Published online by Cambridge University Press: 10 November 2010
Our landscape is its own monument: its meaning can only be traced on the underside. It is all history.
Edouard Glissant, Caribbean discourse (1989)A few hours inland from the Haitian capital city of Port-au-Prince, a black rural cultivator named Nesmère controls a three-acre plot of land. Like other rural Haitians, and like thousands of other small-scale farmers throughout the islands of the Caribbean Sea, Nesmère produces a combination of cash and subsistence crops. The beans, yams, corn, breadfruit, guava, and citrus are for Nesmère, his wife, and their three children. The coffee that he cultivates in the shade of the breadfruit and citrus trees finds its way into an international commodity flow through a complex local marketing system (Grove 1981; Girault 1985).

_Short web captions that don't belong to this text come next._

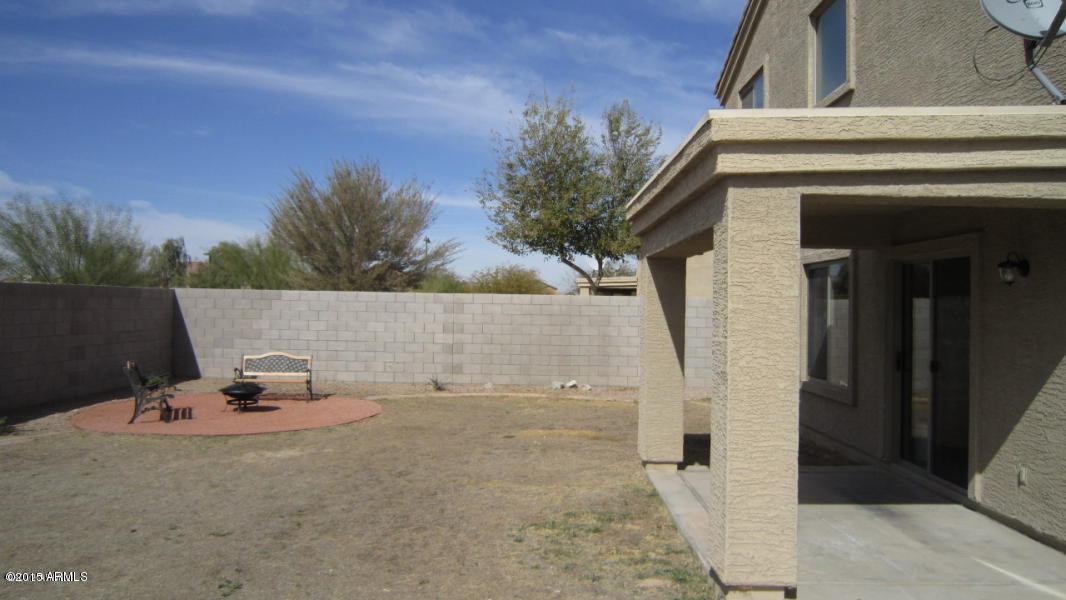 19576 North Ricardo Way Maricopa, AZ 85138 - Photo 6 of 6 pic6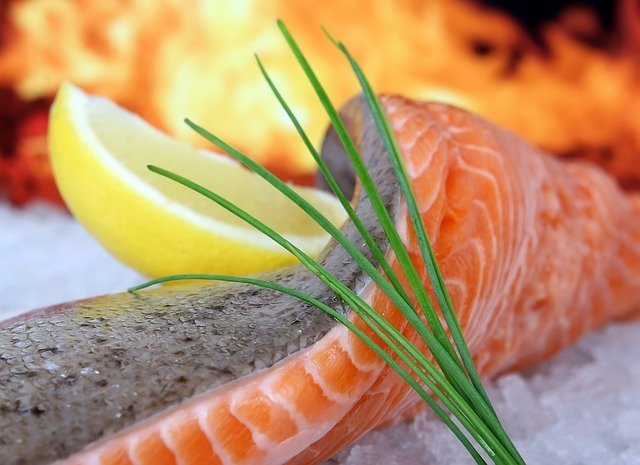 what kind of fish is best to catch for dinner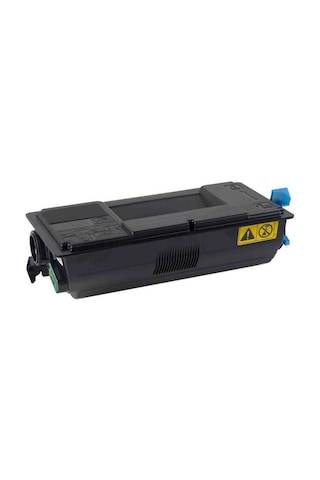 Utax 614010010 Uyumlu   Toner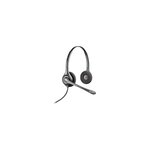 HP Casque Poly SupraPlus HW261N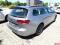 preview Volkswagen Passat Variant #3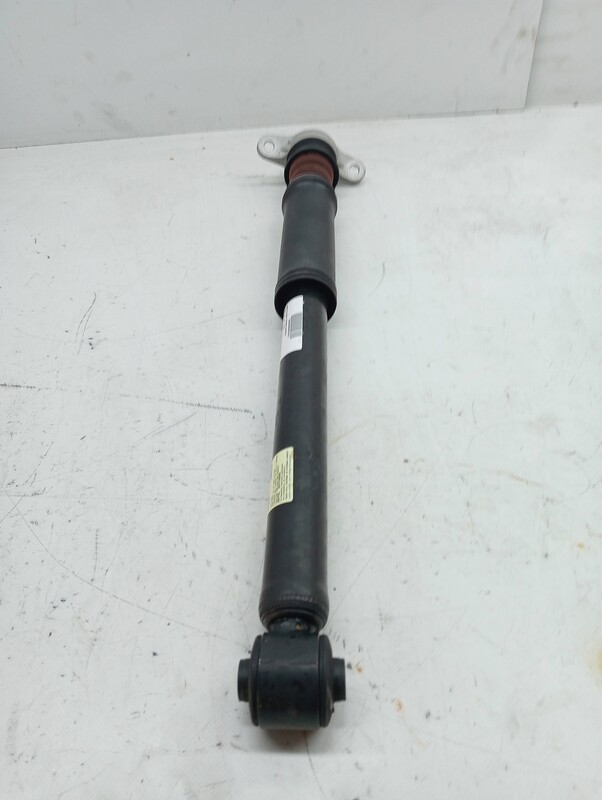 Ammortizzatore posteriore destro KIA STONIC Gasolina - 1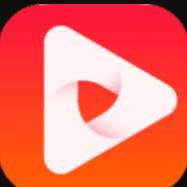 Сƻ��ӰԺ���°�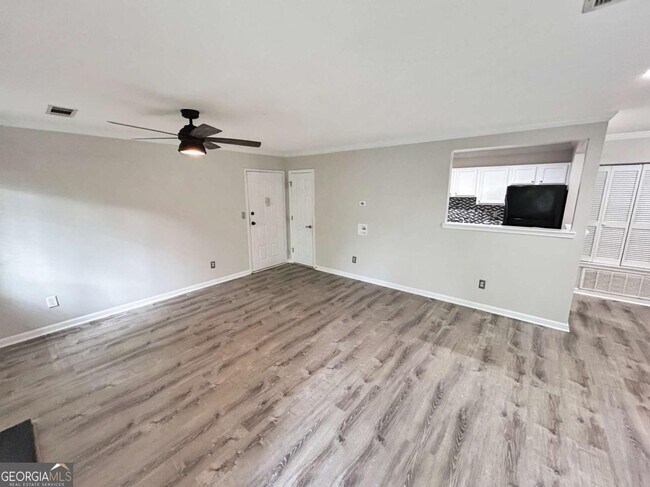 Building Photo - 4006 Wingate Way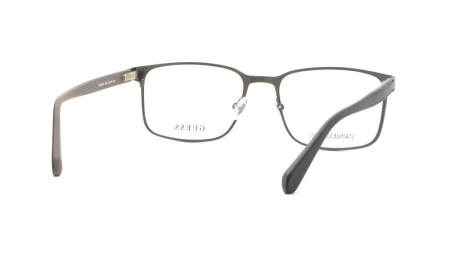 Изображение 5: Оправа для очков GUESS GU 50045 006 55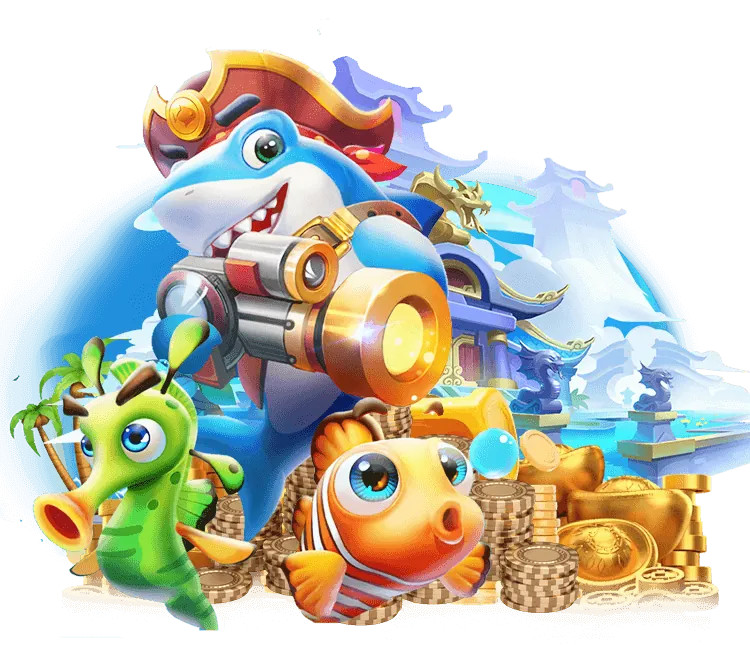 Hình ảnh thể hiện cam kết của 23win01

Nesmère, his family, and his neighbors are, of course, vitally dependent on their immediate physical environment for life and livelihood. So when Hurricane Allen ravaged the southwestern peninsula of Haiti in 1980, rural Haitians went even hungrier than usual, and some survived only because of food relief supplies from the United States. But weather hazards, including hurricanes and droughts, are only ephemeral events. The fundamental ecological problem in Haiti is its soil erosion. Too many people for too little arable land has pushed Haitian subsistence cultivation onto ever-steeper hillsides, creating an all-too-familiar vicious circle in which the land's capacity to produce is continuously undermined by the necessity to cultivate marginal slopes.